We're both jerks. And like alcohol. Like kindred spirits. :V


----------



## CommonBard (Mar 13, 2019)

I've wanted my fursona to represent me. I wear the same green grey beanie IRL that my fursona wears and I wear the beanie because I made it myself. I 'wear' the fursona because I made it myself. My fursona isn't that much different than me, I suppose. Probably just more awesome with a fluffy tail.

now that I think about it, I suppose Bard would be a dj or something, not because I would(or could) do something like that, but because I love my music and that sounds like an awesome job.


----------



## Akinyi (Mar 16, 2019)

My sona is literally just me. The only issue I have is that both of us appear very feminine. I designed her this way to make her more like me and to help me be happy as a girl, but recently I've come out as trans/bigender and I'm struggling to work it out.
Akinyi has the same problem I guess; she looks feminine so it's hard for her to 'pull off' being a guy even though it's how we both want to be seen.
In time, I just hope I stay as attached to her as I've always been. I don't want to lose connection with her over a construct like gender...


----------



## Seiden (Mar 24, 2019)

My fursona is 100% myself, except that he's a cat and doesn't wear shoes. To me, that's the meaning of a fursona. If he wasn't myself, I'd call him a "character".


----------



## Lorim (Mar 25, 2019)

Well, the biggest difference is that it's visually appealing. The biggest similarity is that it's as confused about itself as I am about myself.


----------



## Asher Grey (Apr 9, 2019)

Seiden said:


> My fursona is 100% myself, except that he's a cat and doesn't wear shoes. To me, that's the meaning of a fursona. If he wasn't myself, I'd call him a "character".

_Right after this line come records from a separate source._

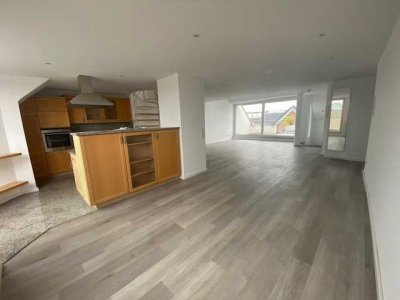 TOP IMMOBILIE Extravagante 4 Zimmerwohnung mit 4 Balkonen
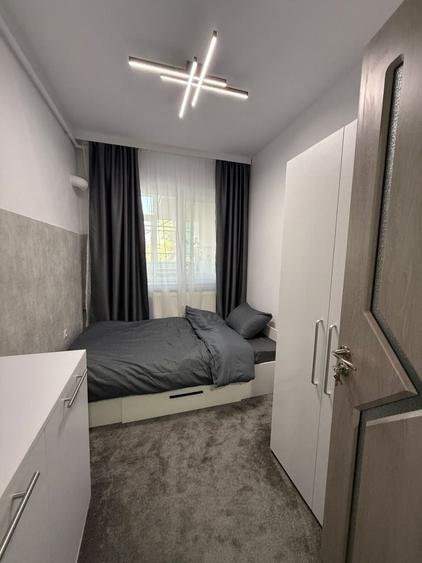Apartament cu 3 camere decomandat în Micro 6
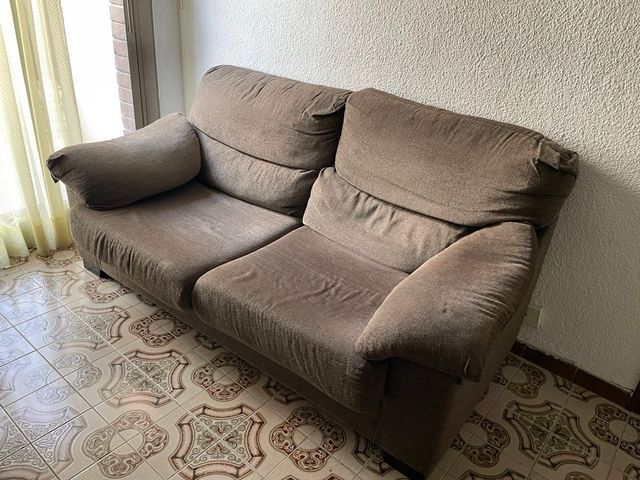 REGALO Sofá de 2 plazas (recogida en BCN)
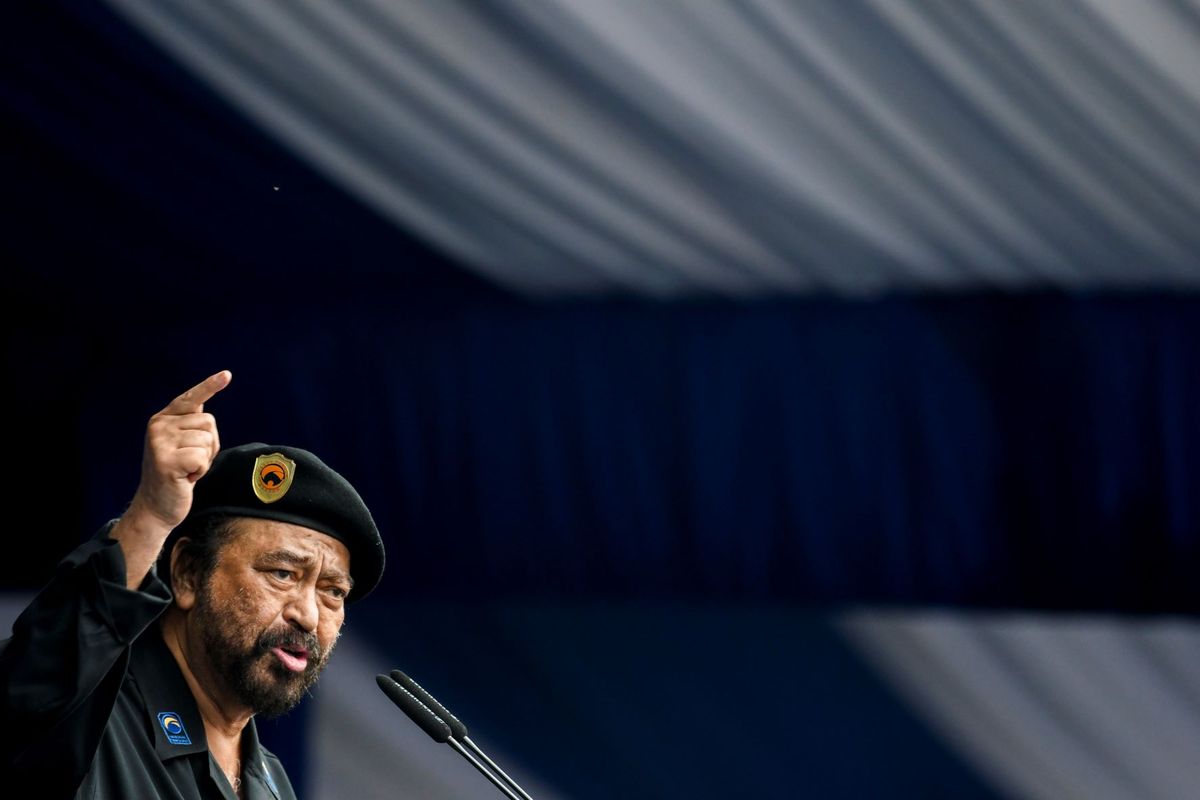 Ketua Umum Partai NasDem Surya Paloh memberikan sambutan saat Apel Siaga Baret di Parkir Timur Senayan, Kompleks Gelora Bung Karno, Jakarta, Rabu (15/6/2022). Apel Siaga Baret tersebut digelar menjelang kegiatan Rapat Kerja Nasional (Rakernas) Partai NasDem. ANTARA FOTO/Galih Pradipta/rwa.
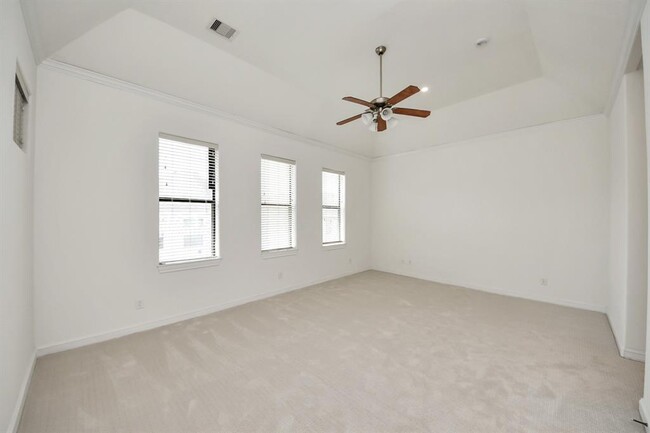 Building Photo - 5809 Kiam St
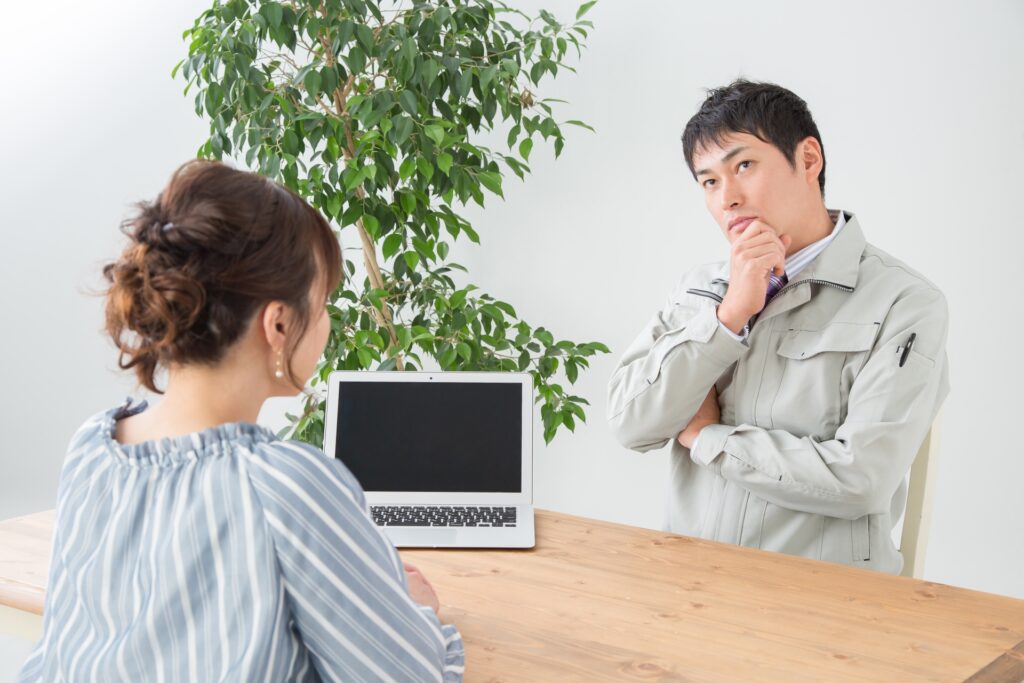 外壁塗装の相見積もりについて、施工会社の担当者と打ち合わせをする様子
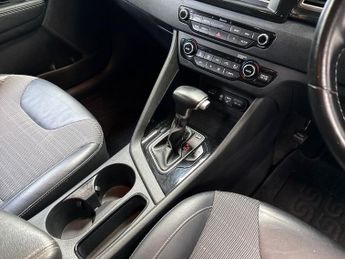 KIA NIRO 1.6 Gdi Hybrid 2 5Dr Dct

I feel that tbh, though I still call mine a character since he can be in fictional situations


----------



## Firuthi Dragovic (Apr 14, 2019)

70% of current me.

He's basically what might have happened if my original path in life had worked out... and if my meltdowns were much more destructive.


----------



## Tyll'a (Apr 15, 2019)

Tyll'a is a part of me, and I'm a part of him.  But our experiences in life have been very different.


----------



## ConorHyena (Apr 15, 2019)

Mine and my sona's character are similar, and some events we both experienced have similar impacts, even though the events are usually differentiated slightly.

Else, he's sometimes like I wish to be, and some parts of him are the parts I'm afraid of becoming myself.

Plus, we're both great shots.


----------



## Nonamenoname (Apr 15, 2019)

I have two fursonas, one represents eroticism, the other, faith. Differences are, they're beautiful anthros, whereas I'm an ugly human.


----------



## riddles (Apr 15, 2019)

my sona is a more-so "honest" version of me. irl me is autistic, a lot of my outer behaviour in socialising is less "me" and more "social rules i know how to follow that will help me blend into this social group". so ripley is less about those rules and more about my internal personality. bc of that though i really can't separate them from personal history and traumas since those things have a big impact on my personality, so it's a bit of a double-edged sword.


----------